* [WHAT YOU HAVE TO DO]:
Go through the data below and repeat it exactly, skipping each picture.

* [DATA BELOW]:

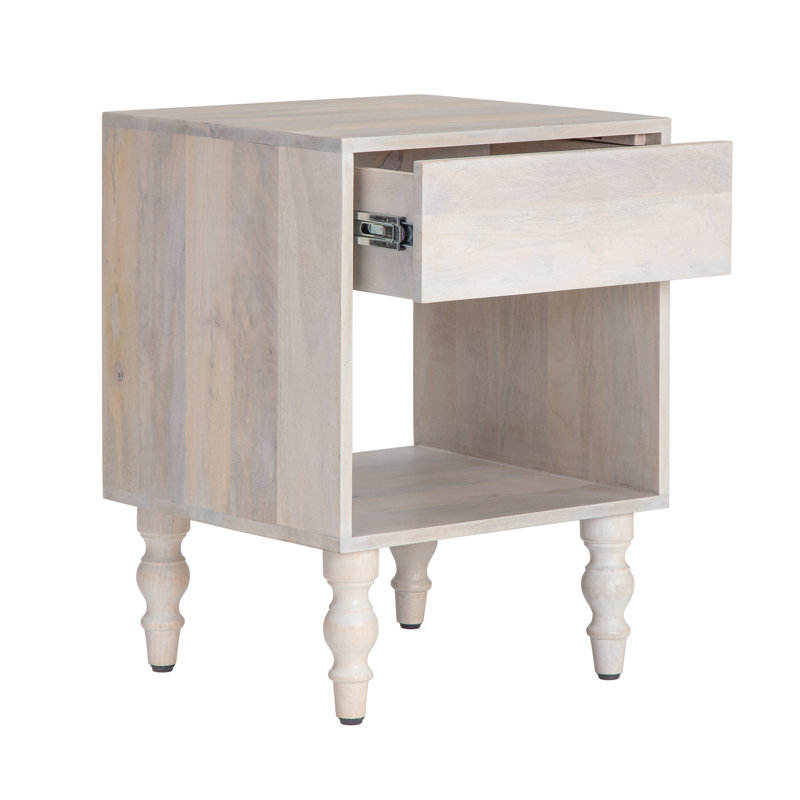 Table de chevet 1 tiroir Barroso, Blanchir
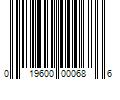 Barcode Image for UPC code 019600000686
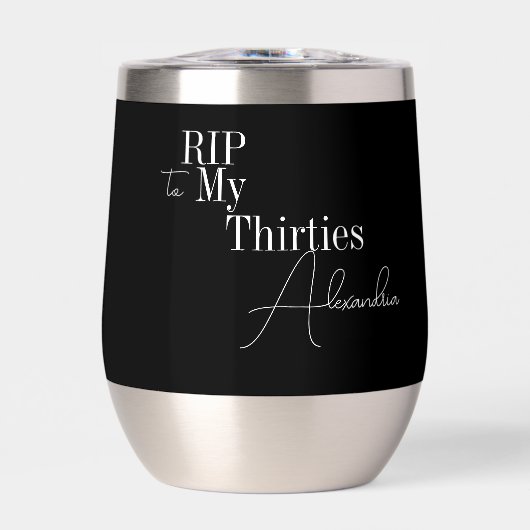 40th Birthday Party RIP 30s Black and White (Vorderseite)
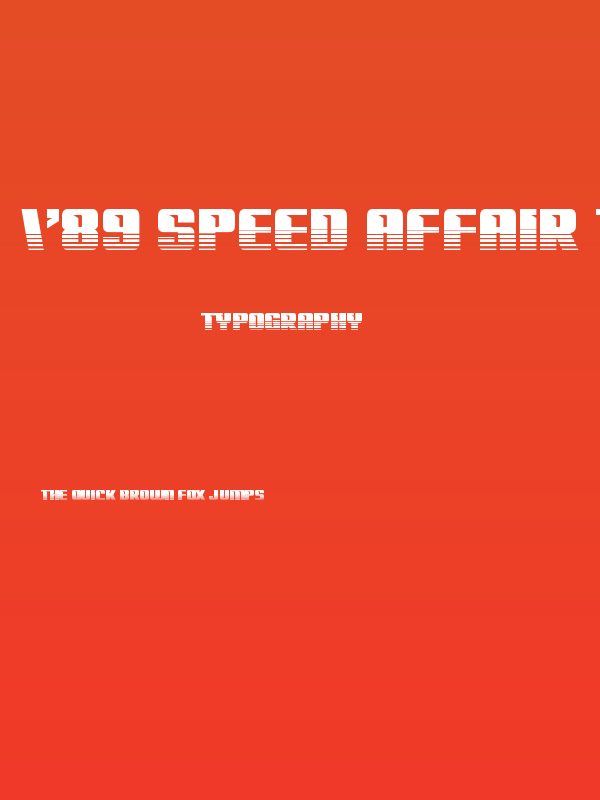 '89 Speed Affair Twotone Poster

* [RESPONSE]:
 Table de chevet 1 tiroir Barroso, Blanchir
 Barcode Image for UPC code 019600000686
 40th Birthday Party RIP 30s Black and White (Vorderseite)
 '89 Speed Affair Twotone Poster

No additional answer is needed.